I have recently been given this question, and have been puzzling over it for days.
Find the equation of the circle passing through the origin and the points of intersection of the circle $x^2 + y^2 + 2x + 4y -4 = 0$ and the line $y - 7x = 2$.
Even stranger, the solution goes like so:
Let $(x^2 + y^2 + 2x + 4y - 4) + k(y - 7x - 2) = 0 \;\;\;\;\; ...\;(1)$
Since (1) passes through the origin,
$k = -2$
Substituting into (1) and simplifying,
$x^2 + y^2 + 16x +2y = 0$
Yet I do not understand why $k=-2$ because it passes through the origin.
Could someone provide an alternative solution or explain the one provided please?

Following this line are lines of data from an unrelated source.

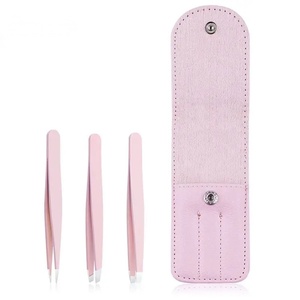 Pinzas para Pestañas Ryzer Studio, Color Rosa, Acero Inoxidable, Punta Curva, Mango Cómodo, Duraderas, Diseño Moderno y Lujoso - Product Image 6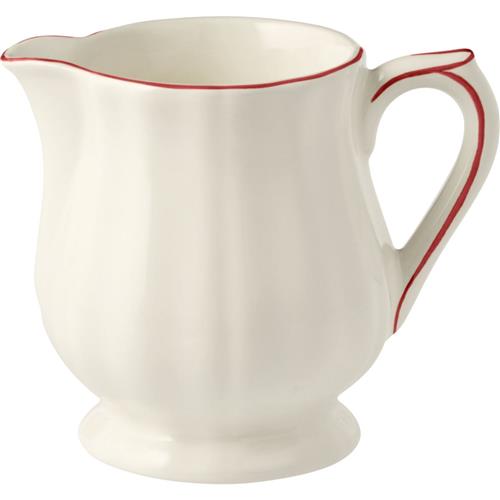 Gien milk jug Filet Rouge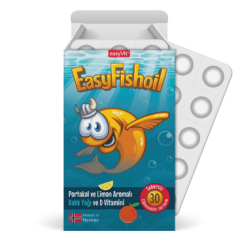 EasyFishoil Çocuk Çilek ve Limon Aromalı 30 Çiğneme Tableti (SKT: 02/2027)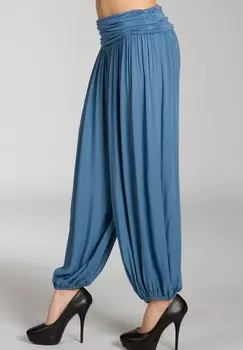 Тканевые брюки Harems Caspar, синий деним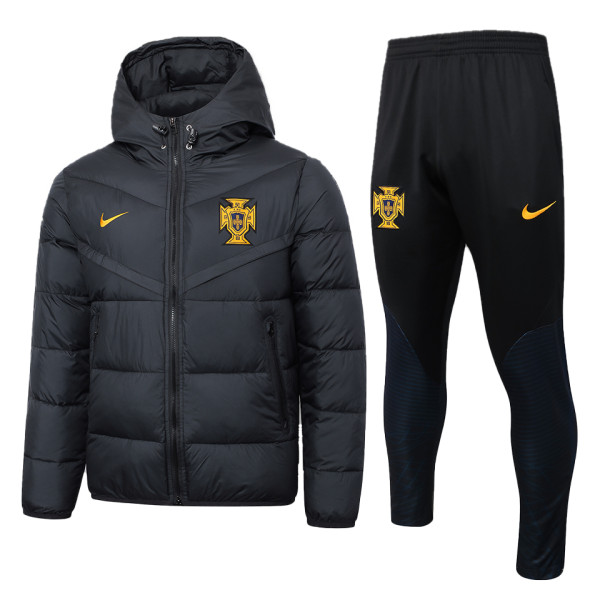 2024 Portugal Black Cotton Jacket （A Set）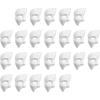 Beistle 24-Pack Phantom Mask, White Halloween Costume Accessory for Masquerade with Elastic, Phantom Face Covering for Parties & Gatherings, One Size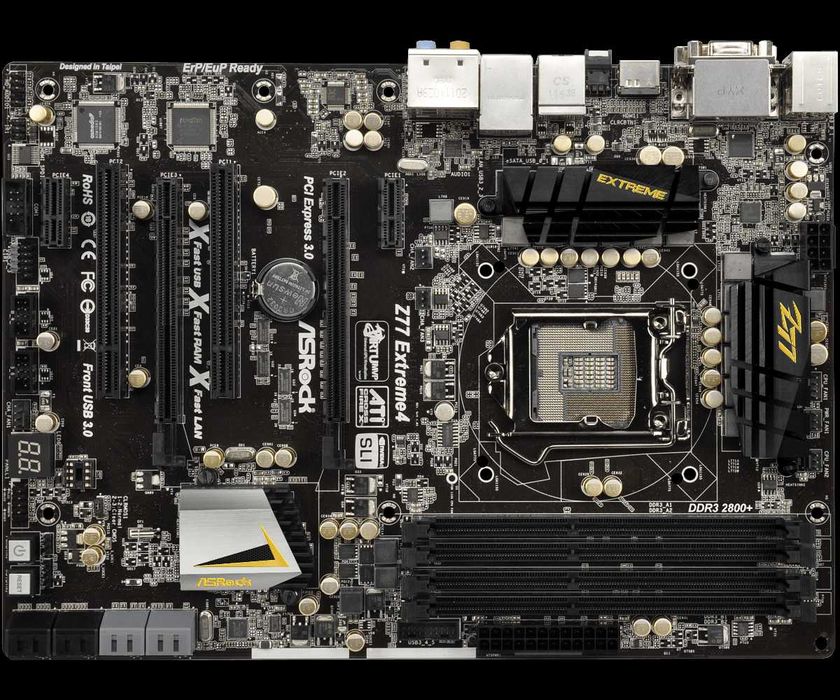 ASRock Z77 Extreme 4 DDR3 1155 soket holati ideal + Garantiya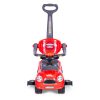 Ride-on ráülős kisautó járókerekes tolókocsi fogantyú hangok piros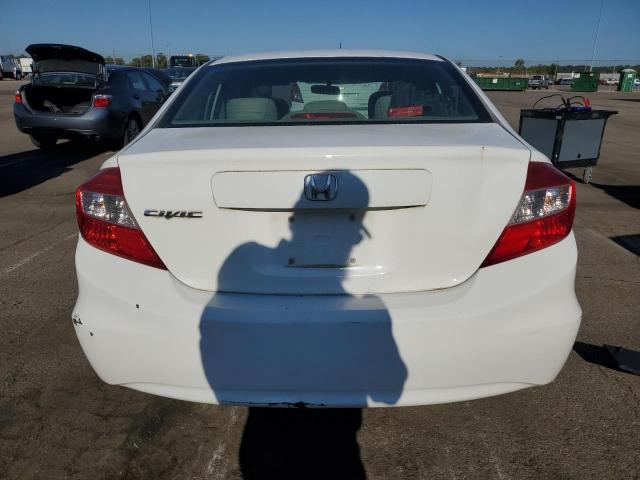 19XFB2F50CE063789 - 2012 HONDA CIVIC LX WHITE photo 6
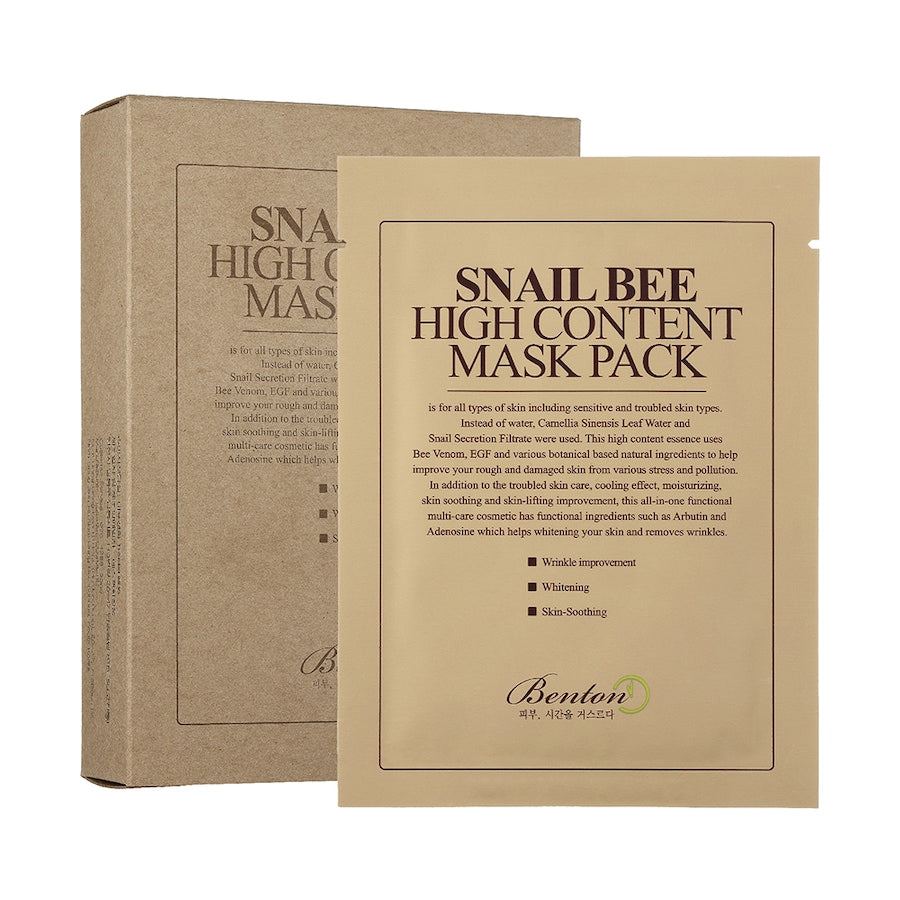 Benton Snail Bee High Content Mask Pack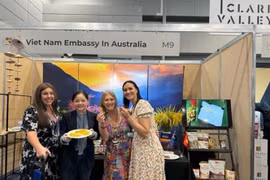 Vietnam introduces high-quality products at the Good Food and Wine Show 2024 in Brisbane, Queensland, Australia. (Photo: VNA)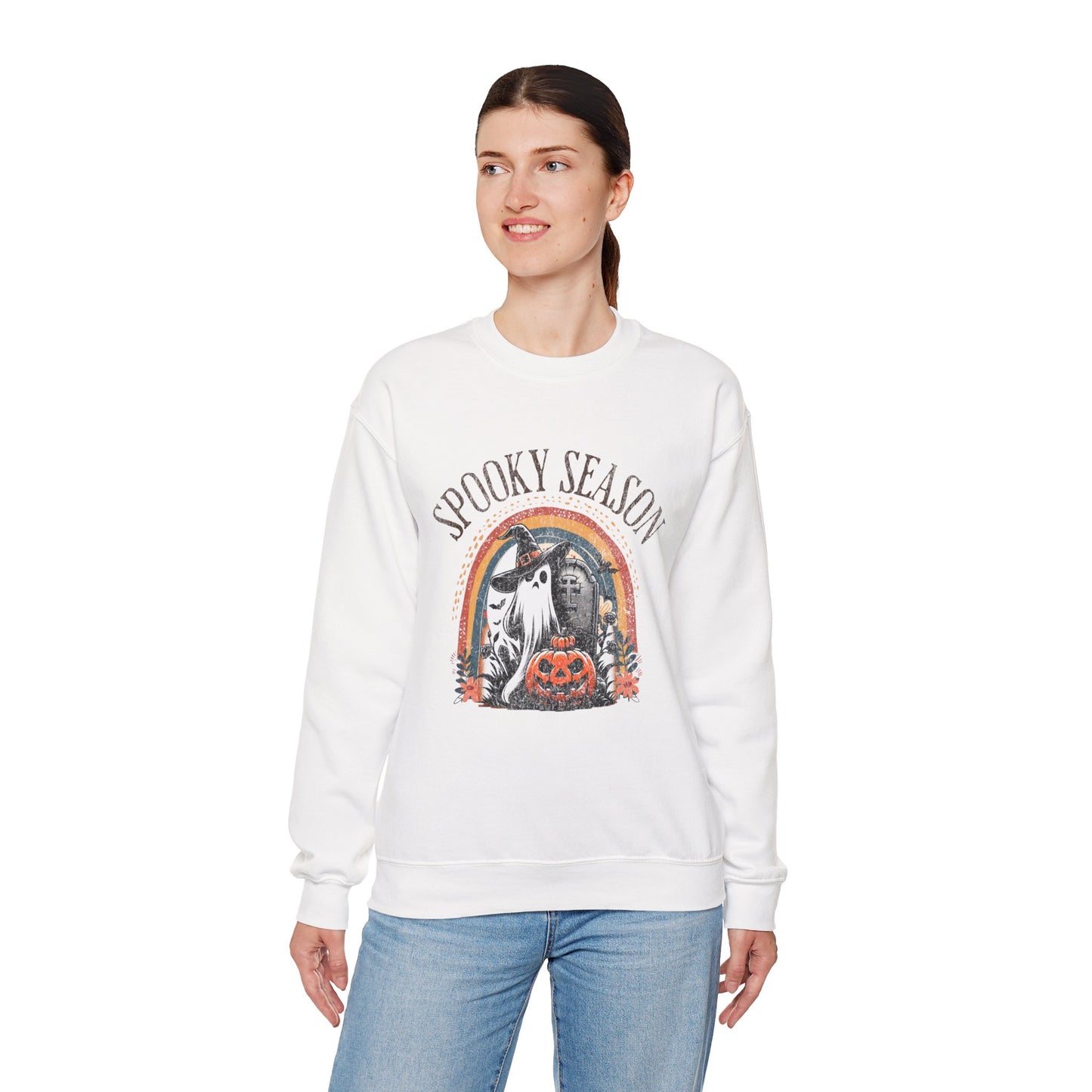 Spooky Season Crewneck Sweatshirt, Halloween Sweatshirt, Cozy Fall Apparel, Unisex Winter Top, Festive Gift Idea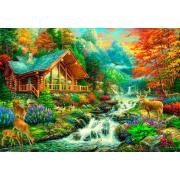 Puzzle Bluebird Serenidad Alpina de 1000 Piezas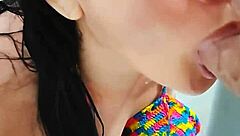 Young Girl Sucks Cock Hidden From Parents Nearby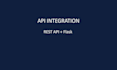 python flask third party API integration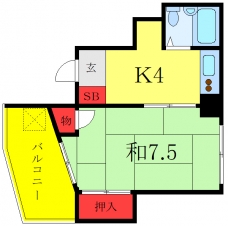 コスモ三杉の間取り図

The equation $$(x^2 + y^2 + 2x + 4y - 4) + k(y - 7x - 2) = 0 \tag1$$ is equivalent to $$ x^2 + y^2 + (2 - 7k)x + (4 + k)y - (4 + 2k) = 0,$$ which is clearly the equation of a circle. Moreover, if a point $P = (x_P, y_P)$ is both on the circle $x^2 + y^2 + 2x + 4y - 4 = 0$ and on the line $y - 7x - 2 = 0,$ then $$(x_P^2 + y_P^2 + 2x_P + 4y_P - 4) + k(y_P - 7x_P - 2) = 0 + k(0) = 0, $$ so $P$ is on the circle described by Equation $(1)$. The same is true for the other point of intersection of the given circle line.
So now you have an equation of a circle that goes through the two intersection points. If it also goes through the origin, then it is the circle you want. At the origin, $x = y = 0,$ so Equation $(1)$ becomes $$(0^2 + 0^2 + 2(0) + 4(0) - 4) + k(0 - 7(0) - 2) = -4 - 2k = 0,$$ which is possible only if $k = -2.$